With an additional 10% tariff on certain Chinese goods expected to take effect by December 15, industry experts offer tips on how distributors can best communicate and pass price increases along to their customers.
Earlier this month, following unsuccessful negotiations with China, President Trump announced via Twitter that he plans to levy an additional 10% tariff on certain imports from China beginning on September 1, and on others (including many consumer electronics as well as LED fixtures/lighting products and components) on December 15th. With this latest round of tariffs, all imported goods from China, with very few exceptions, will have tariffs levied against them. In retaliation for announcing additional tariffs, the Chinese government further devalued their currency in relation to the U.S. dollar, prompting the U.S. Treasury Department to officially label China as “a currency manipulator.”
According to Alex Ayers, executive director of the Washington, D.C-based Family Business Coalition, “this escalates our trade war with China to the highest level of tension we’ve seen so far and it’s now far more likely that we’ll see this trade dispute continue into 2020, where it will become an election issue.”
Even before the announcement of additional tariffs, Ayers said that the impact of previous tariffs on Chinese imports has been very visible. Among other outcomes, “China has fallen from our nation’s largest source of goods to our third largest, behind Mexico and Canada,” he said. “These additional tariffs — mostly on consumer goods such as cell phones and other electronics — could further decrease imports,” Ayers predicted, noting that it’s unlikely that manufacturing will return to the U.S. as President Trump wants.
Tips for the Trade
As the Chinese tariff saga continues to play out and impact everyone from manufacturers to end-users, so does the need for distributors to ultimately pass on the inevitable price increases to their customers. While communicating and executing price increases is never easy and can often ruffle many a feather, there are proven ways to approach it that can help achieve the objective without jeopardizing customer relationships.
Following, industry experts Aki Merced, sales and marketing guru and B2B author with Handle.com, a leading provider of construction payment software, and Gerry O’Brion, founder of What Big Brands Know, share their top tips for successfully communicating and passing on a price increase:
- Be Direct — “Telling customers about a price increase is always difficult, but you can cushion the ‘pain’ by being direct,” Merced shared. “Sending a letter — preferably before the price increase kicks in — is the best way. Lay down the context by being up-front about the new tariffs and including a link or two to the government announcement. Also, let customers know that you’ve made the effort internally to ensure that they’re protected from a sudden price spike so that you don’t sound like you’re just directly passing on the tariffs to them.”

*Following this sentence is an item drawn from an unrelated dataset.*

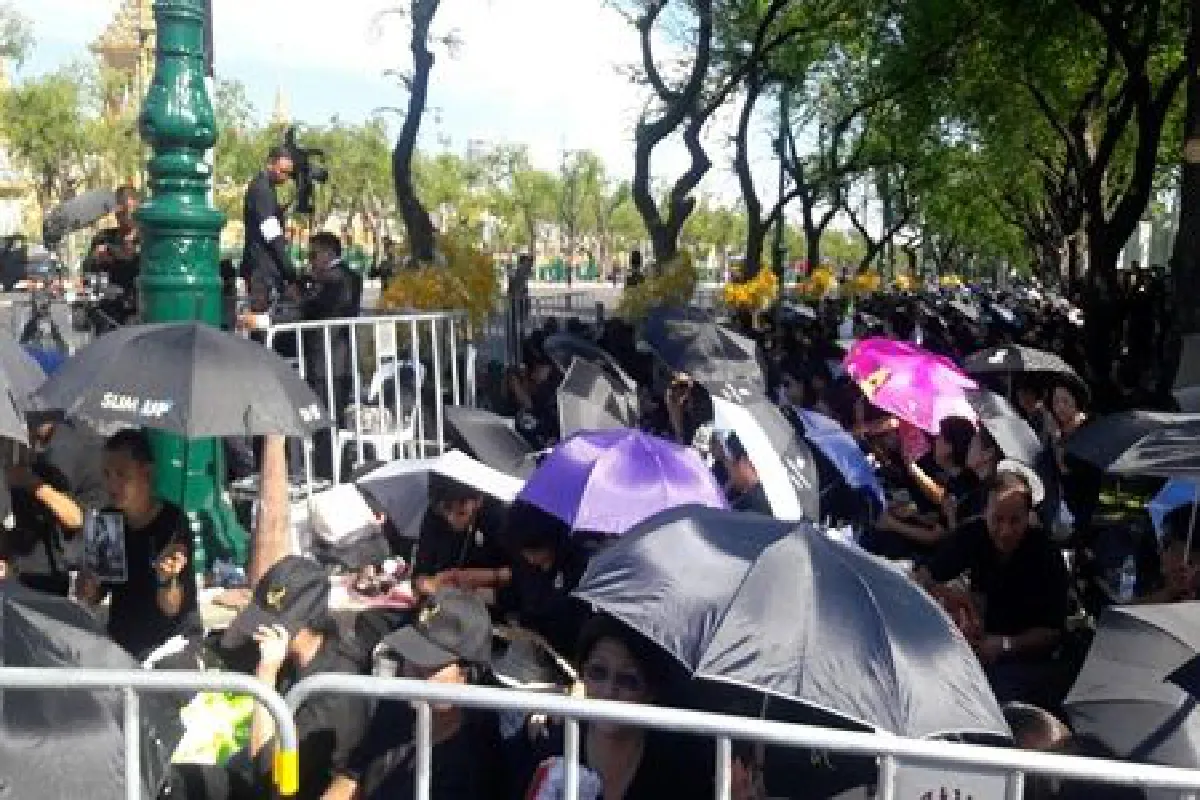 ประชาชนเนืองแน่นชมซ้อมใหญ่ริ้วขบวนพระบรมราชอิสริยยศ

- Offer Compassion, But No Apologies – “While you want to show compassion, don’t apologize for the increases, as that will signal that you’re somehow responsible for the increase and/or that you chose to increase prices (as opposed to having to increase them),” Merced advised. “Designate someone internally who can talk to the customers who will call about the increases and make sure that they’re prepared to address questions and concerns.”
- Follow Up – When dealing with B2B clients (vs. retail consumers), Merced recommends following up with a call or physical visit right after sending the letter. “Consider making the visit to your best customers before sending out the letter, as it will give you the opportunity to be there when the customer ‘airs out’ their concerns regarding the increase,” she said. “Be prepared to share the steps you’ve taken to protect them and avoid a larger increase; for example, by telling them that you frontloaded orders from manufacturers as much as you were able to, allowing you to limit or delay the increase to give them more time to prepare. Shift some of the responsibility here by saying that order volume was limited in anticipation of the impending tariffs, and so on,” she suggested.
- Leverage Liquidity – “If you indeed have the inventory, you can use this opportunity to get some liquidity by offering original prices for orders paid in cash for a very limited time,” shared Merced of a strategy that’s particularly applicable to customers who have historically enjoyed longer payment terms.
- Prepare for the Pushback – “It will come,” Merced confirmed, “but be firm in your reasoning and don’t flip flop about the prices. If you’re running a pre-increase promotion, make sure that you stick to your guns and emphasize that you’re simply not able to offer the products at the same price after the promotion period because of external reasons (the tariff increase, manufacturer-side price increases, etc.).
- Be Honest and Transparent – “The impact of tariffs is no surprise to anyone; the businesses you serve know that the impact is going to come at some point,” O’Brion said. “Key strategies will be honesty, transparency, communication, and partnership. We’re all in this together, so don’t get political or take sides on whether the tariff situation is good or bad – it just is,” he said. “Tell your customers what you’re doing today and what you’ll be doing in the future as the situation continues to play out.”